Below are some records. Return exactly the lines from the one with "发财树大棵绿叶植物适合客厅摆放的绿植家养旺宅家里盆栽高端盆景" to the one with "RFI ANTONELLA - EKS", and nothing else.

* THE INPUT *
════════════════════

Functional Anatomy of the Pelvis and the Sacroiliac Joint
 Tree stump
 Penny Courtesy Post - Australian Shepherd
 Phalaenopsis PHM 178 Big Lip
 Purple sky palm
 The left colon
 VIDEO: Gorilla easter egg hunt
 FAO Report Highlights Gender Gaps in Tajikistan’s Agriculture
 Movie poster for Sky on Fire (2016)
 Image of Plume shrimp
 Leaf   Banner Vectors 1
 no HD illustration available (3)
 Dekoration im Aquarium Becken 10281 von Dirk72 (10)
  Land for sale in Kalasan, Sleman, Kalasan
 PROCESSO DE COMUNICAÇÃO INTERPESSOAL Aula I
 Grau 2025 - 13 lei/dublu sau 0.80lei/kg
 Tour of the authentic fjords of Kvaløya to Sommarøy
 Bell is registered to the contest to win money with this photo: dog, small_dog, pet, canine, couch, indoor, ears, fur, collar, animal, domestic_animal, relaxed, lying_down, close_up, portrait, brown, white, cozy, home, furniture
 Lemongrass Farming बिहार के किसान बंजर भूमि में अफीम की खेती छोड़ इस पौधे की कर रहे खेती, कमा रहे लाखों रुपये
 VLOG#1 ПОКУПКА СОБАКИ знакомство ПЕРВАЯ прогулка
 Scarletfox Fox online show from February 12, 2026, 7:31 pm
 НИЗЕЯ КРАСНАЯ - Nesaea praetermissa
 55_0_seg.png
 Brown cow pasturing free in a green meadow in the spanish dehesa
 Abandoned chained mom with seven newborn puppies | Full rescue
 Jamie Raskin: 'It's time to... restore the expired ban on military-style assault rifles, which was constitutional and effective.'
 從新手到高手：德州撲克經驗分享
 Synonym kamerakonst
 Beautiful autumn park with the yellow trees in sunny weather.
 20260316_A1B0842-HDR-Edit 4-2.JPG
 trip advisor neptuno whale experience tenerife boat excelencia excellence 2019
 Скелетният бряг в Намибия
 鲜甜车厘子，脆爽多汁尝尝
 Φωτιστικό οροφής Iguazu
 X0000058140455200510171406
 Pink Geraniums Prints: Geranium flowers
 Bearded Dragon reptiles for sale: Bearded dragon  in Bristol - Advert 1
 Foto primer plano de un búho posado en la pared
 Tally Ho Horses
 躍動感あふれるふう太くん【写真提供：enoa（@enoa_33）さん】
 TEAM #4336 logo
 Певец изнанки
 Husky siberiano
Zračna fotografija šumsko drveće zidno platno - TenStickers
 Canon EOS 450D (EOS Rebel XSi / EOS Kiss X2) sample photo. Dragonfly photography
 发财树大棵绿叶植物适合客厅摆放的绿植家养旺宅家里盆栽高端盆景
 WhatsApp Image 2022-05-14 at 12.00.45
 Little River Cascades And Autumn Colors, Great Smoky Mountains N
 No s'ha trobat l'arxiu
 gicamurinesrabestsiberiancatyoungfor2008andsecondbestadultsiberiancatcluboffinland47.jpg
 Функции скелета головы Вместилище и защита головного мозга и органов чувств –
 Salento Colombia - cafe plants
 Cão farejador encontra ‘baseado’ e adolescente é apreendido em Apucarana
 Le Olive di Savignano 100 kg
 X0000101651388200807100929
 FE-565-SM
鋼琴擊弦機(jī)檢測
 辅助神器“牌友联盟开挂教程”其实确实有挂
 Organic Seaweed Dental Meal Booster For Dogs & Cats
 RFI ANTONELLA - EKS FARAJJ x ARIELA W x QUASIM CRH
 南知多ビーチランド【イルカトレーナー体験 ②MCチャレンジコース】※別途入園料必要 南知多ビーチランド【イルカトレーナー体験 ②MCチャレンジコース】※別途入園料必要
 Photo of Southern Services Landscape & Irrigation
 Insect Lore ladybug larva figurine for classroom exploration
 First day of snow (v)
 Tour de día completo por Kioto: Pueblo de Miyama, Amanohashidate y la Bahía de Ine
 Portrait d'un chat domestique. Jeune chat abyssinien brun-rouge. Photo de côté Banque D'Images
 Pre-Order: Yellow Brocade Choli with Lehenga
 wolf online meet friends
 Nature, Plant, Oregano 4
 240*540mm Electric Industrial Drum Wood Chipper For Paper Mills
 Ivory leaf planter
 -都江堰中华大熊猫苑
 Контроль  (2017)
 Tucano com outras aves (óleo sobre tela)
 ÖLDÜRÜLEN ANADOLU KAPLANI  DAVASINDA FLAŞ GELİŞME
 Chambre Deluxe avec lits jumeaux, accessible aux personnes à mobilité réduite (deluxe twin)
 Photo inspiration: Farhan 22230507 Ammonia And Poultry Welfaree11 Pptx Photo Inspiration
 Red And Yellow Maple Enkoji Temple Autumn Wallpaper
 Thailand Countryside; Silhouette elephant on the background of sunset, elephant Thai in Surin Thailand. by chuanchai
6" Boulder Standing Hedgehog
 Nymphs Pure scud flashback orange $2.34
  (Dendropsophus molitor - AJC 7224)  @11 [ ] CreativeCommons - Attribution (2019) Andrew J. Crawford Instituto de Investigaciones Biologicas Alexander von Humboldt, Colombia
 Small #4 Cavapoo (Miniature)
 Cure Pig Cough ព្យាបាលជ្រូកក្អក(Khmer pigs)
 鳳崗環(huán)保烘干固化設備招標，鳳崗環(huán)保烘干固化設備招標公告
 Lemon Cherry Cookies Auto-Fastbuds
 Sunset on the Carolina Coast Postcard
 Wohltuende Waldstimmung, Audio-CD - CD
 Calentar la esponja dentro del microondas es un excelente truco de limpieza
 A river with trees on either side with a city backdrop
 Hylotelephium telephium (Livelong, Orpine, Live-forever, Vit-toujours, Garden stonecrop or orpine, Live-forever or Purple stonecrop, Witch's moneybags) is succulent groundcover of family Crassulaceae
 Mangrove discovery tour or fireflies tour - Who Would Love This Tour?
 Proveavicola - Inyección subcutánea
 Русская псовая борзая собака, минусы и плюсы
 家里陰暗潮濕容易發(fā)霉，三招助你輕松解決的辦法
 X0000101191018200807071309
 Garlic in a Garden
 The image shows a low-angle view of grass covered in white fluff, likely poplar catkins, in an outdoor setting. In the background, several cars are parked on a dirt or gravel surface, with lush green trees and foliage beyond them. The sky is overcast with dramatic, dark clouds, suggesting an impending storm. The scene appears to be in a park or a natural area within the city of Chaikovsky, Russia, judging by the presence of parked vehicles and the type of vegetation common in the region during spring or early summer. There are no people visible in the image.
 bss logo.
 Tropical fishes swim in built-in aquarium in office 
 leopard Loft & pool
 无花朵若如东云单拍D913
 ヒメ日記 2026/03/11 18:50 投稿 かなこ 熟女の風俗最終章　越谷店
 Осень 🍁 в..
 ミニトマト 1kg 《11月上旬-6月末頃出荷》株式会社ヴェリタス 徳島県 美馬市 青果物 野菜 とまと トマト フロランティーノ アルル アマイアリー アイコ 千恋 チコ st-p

════════════════════

* RESPONSE AREA *
 发财树大棵绿叶植物适合客厅摆放的绿植家养旺宅家里盆栽高端盆景
 WhatsApp Image 2022-05-14 at 12.00.45
 Little River Cascades And Autumn Colors, Great Smoky Mountains N
 No s'ha trobat l'arxiu
 gicamurinesrabestsiberiancatyoungfor2008andsecondbestadultsiberiancatcluboffinland47.jpg
 Функции скелета головы Вместилище и защита головного мозга и органов чувств –
 Salento Colombia - cafe plants
 Cão farejador encontra ‘baseado’ e adolescente é apreendido em Apucarana
 Le Olive di Savignano 100 kg
 X0000101651388200807100929
 FE-565-SM
鋼琴擊弦機(jī)檢測
 辅助神器“牌友联盟开挂教程”其实确实有挂
 Organic Seaweed Dental Meal Booster For Dogs & Cats
 RFI ANTONELLA - EKS FARAJJ x ARIELA W x QUASIM CRH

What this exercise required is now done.